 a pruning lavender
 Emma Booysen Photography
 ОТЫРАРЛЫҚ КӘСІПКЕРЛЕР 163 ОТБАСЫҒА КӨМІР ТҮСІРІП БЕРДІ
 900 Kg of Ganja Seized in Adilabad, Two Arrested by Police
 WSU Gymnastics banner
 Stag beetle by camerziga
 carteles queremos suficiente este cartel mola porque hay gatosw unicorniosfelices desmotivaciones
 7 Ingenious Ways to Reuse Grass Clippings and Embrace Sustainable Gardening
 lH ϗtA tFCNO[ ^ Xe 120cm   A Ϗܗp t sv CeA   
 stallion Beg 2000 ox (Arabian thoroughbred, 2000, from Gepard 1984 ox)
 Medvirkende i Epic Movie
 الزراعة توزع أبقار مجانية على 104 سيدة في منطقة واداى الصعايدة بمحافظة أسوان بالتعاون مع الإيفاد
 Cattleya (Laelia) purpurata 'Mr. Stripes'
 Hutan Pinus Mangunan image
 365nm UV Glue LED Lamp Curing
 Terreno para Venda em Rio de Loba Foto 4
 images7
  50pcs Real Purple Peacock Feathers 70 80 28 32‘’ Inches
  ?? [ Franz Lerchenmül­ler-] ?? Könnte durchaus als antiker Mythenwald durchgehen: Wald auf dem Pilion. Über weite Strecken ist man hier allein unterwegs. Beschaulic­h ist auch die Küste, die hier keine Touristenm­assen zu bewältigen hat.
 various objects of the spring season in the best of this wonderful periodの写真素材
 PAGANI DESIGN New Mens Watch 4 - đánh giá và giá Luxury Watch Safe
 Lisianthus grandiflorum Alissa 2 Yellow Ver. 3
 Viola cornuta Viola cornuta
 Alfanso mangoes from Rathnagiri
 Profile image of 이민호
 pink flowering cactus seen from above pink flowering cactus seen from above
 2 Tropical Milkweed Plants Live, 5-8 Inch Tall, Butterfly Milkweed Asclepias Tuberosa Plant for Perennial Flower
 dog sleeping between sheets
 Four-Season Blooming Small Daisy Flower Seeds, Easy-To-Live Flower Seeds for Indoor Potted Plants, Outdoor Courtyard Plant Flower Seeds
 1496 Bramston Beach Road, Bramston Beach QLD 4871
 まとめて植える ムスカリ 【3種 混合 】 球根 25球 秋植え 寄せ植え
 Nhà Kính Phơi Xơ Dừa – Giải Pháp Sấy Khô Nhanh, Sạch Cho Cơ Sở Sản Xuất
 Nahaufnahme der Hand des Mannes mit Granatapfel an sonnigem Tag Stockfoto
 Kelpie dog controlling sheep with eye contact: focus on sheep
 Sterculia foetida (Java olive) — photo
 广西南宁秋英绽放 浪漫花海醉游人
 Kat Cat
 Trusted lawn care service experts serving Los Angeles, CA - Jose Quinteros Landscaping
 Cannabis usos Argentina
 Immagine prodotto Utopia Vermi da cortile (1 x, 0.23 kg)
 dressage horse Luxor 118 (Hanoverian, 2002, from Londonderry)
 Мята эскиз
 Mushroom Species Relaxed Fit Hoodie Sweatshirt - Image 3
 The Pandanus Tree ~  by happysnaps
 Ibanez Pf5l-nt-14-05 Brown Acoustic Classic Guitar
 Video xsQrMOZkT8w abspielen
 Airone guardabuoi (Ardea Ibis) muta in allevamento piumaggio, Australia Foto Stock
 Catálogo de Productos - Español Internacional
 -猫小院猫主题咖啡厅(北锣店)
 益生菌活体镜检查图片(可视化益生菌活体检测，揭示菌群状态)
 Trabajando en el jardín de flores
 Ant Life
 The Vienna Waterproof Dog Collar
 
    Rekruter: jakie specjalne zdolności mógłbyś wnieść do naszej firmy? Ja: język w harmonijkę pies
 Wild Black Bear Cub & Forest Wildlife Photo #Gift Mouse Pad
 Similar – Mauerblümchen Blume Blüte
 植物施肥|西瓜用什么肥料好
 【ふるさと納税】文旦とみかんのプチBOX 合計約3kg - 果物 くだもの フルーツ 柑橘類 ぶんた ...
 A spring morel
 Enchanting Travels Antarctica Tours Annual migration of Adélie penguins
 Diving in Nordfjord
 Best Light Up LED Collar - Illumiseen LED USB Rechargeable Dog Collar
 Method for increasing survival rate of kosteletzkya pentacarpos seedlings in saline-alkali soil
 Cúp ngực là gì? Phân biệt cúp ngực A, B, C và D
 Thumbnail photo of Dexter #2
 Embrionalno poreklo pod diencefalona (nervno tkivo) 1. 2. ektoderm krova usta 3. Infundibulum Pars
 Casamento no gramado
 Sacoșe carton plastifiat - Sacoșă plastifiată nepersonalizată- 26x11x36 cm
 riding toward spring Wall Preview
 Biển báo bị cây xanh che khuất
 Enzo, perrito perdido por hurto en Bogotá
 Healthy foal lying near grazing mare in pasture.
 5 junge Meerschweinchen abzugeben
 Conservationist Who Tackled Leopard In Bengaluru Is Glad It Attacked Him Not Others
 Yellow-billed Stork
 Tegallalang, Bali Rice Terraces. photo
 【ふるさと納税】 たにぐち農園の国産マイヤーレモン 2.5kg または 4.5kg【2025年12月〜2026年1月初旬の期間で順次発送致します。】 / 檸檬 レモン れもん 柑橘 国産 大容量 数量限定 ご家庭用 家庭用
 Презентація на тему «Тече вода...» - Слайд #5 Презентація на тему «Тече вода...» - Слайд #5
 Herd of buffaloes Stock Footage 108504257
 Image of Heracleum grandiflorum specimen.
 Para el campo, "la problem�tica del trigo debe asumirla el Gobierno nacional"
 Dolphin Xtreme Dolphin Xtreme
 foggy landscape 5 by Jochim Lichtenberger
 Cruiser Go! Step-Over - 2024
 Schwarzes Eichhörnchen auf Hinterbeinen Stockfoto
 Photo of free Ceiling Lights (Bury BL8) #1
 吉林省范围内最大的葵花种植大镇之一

= = = =

Repeat the line containing "Photo of free Ceiling Lights (Bury BL8) #1" and all subsequent lines through the final line of the data, exactly and with no others.

§ **Result below**
 Photo of free Ceiling Lights (Bury BL8) #1
 吉林省范围内最大的葵花种植大镇之一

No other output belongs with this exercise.